Review: Push and Citizen Puppet by final year students at the Royal Central School of Speech and Drama

There isn’t much to link these two pieces, other than that they are showcases for students graduating from Central. Push, directed by Catherine Alexander and Grainne Byrne is a devised piece based on the novel of the same name by Sapphire. Citizen Puppet is also devised, in collaboration with acclaimed puppet company Blind Summit, and is a whimsical piece of (allegedly) verbatim theatre centring around the events of a well-known fairy-tale.

Push is a grim tale, as anyone who has seen the film Precious will know. The production’s approach was somewhat Brechtian, with the ensemble informing us at the outset that they would often be playing against gender and colour (as well as, obviously, age) and giving us a glimpse of some of the main characters. There were some outstanding performances, especially Jack Randall as Precious’ fellow-student Consuela and Emma Hanson as her mother, Mary, who demonstrated immense vocal skill and physical talent, despite performing the majority of her scenes with only the back of her head visible.

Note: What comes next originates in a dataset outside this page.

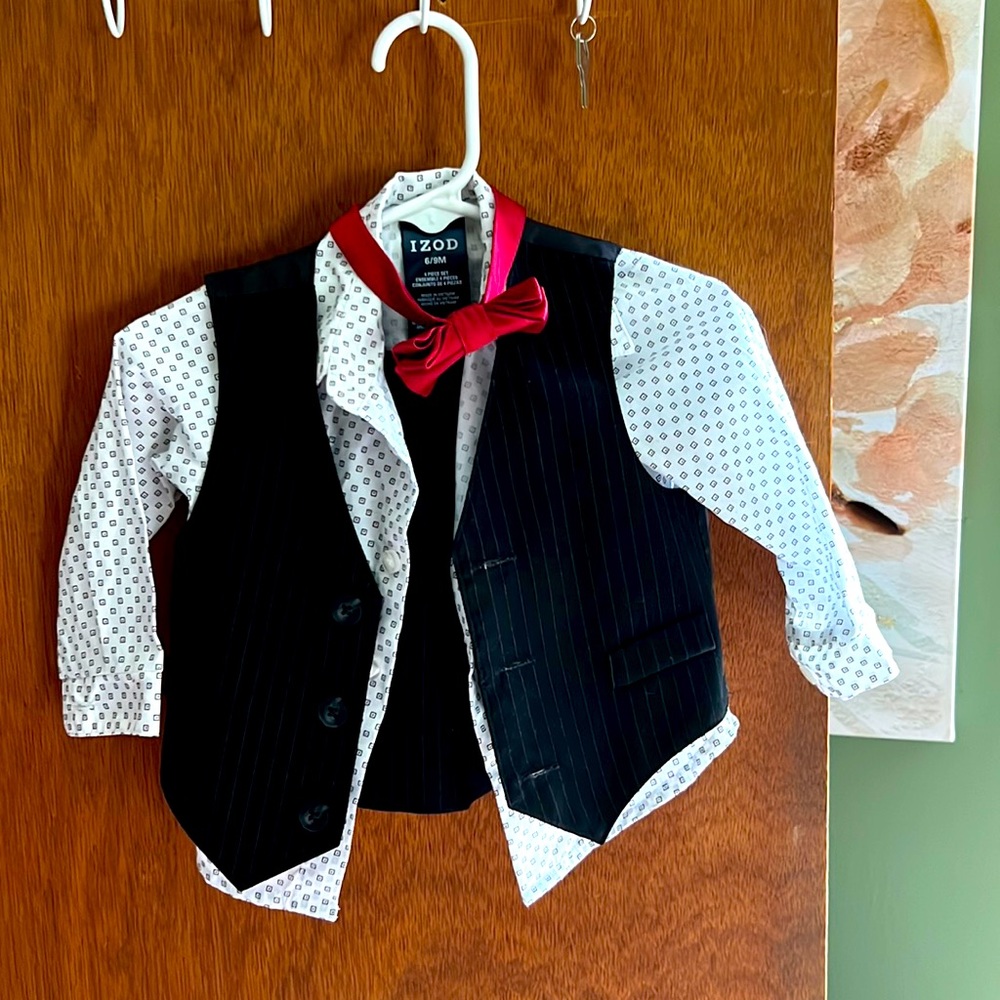 4 piece Izod pinstripe suit for boys (6-9M)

However, the story was somewhat muddled in the telling, with an over-reliance on film projection which added to the confusion, and the digression into the back-stories of some of the other characters, while serving the purpose of giving each student a showcase, detracted from the main story. Overall, the production failed to draw the audience into empathising with the central character, and the inclusion of upbeat musical numbers also jarred with the subject-matter. There was much about it to like, but as a whole it didn’t quite gel.

Citizen Puppet was the diametric opposite, concerning a group of characters who live in the same village as the infamous Jack (of Beanstalk fame), and the effect on the village of sudden wealth, generated by the influx of golden eggs into the local economy. The puppets were superbly made and well-animated by the students, with special mention going to the two students animating Detective Inspector Clive, whose hand gestures and physical tics were hilariously detailed and lifelike.

The format of the production showed a lot of promise, with contemporary parallels being drawn to the role of the banks in the current economic crisis. However, it failed to deliver, with the show stopping suddenly after half an hour with a simple ”to be continued …”, which made it feel as though the students had simply run out of time.

It was an interesting evening: this year’s graduating students show a lot of talent and skill, and I am confident that many of them will do well as they join the ranks of Britain’s professional performers. Whether or not their futures lie in devising, though, remains to be seen …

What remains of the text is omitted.